To date, there are numerous therapies including oral and topical corticosteroids, topical calcineurin inhibitors (TCIs), estrogen, retinoids, various vitamins, phototherapy, surgical excision, and emollients are also recommended as a supportive treatment. However, it is not easy to make it complete resolution of clinical signs and return to normal skin texture and color, but therapy can help alleviate symptoms and prevent further progression. Oral corticosteroids combined with topical steroids or TCIs might be helpful to control the progress of the lesion. Hence, early diagnosis with dermoscopy or confocal microscopy and early treatment with oral corticosteroids combined with topical steroids or TCIs might cure it without hypopigmentation and atrophy. What's more, patients with classic LS of vulvar have about 0.3-4.9% risk developing squamous cell carcinoma (SCC).[3] While extragenital LS is not associated with the development of SCC,[13] few publications referring to the long-term follow-up of LS patients. Our review of the patients with LS involving face did not show any relationship with SCC and other cutaneous tumors. Compared with LS of vulva and mucosa, it may have less malignant potential. Though we still need to follow-up our patients, once suspicious, biopsied should also be made.

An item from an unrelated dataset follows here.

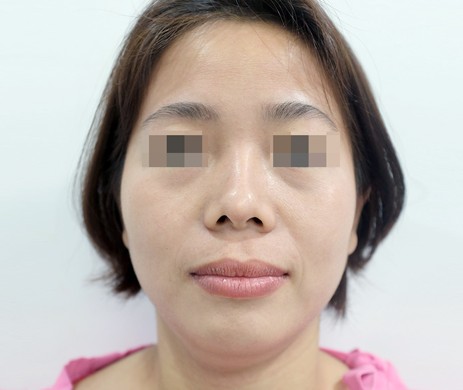 Mũi cấu trúc sụn sườn sửa lại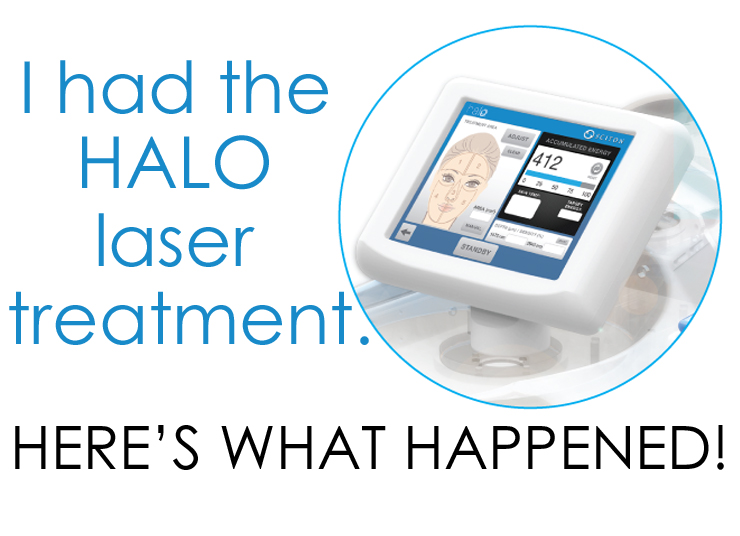 I Had the HALO Laser Treatment, Here’s What Happened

This study is limited by the number of cases, for reasons that some may under reporting, misdiagnosis as other diseases and asymptomatic presentations. However, dermatologists should also pay attention to this rarely reported manifestation of LS and consider it as a differential diagnosis. Early diagnosis with dermoscopy or confocal microscopy and early treatment might cure it without hypopigmentation and atrophy. It may have less malignant potential when compared with LS of vulva and mucosa, but we still need to offer long-term monitoring.
Financial support and sponsorship
Nil.
Conflicts of interest
There are no conflicts of interest.
What is new?
Our case demonstrated that though rare, face is also one presentation of LS, which we should not ignore. What's more, dermoscopy or confocal microscopy may help us early diagnosis without invasiveness, and it may have less malignant potential.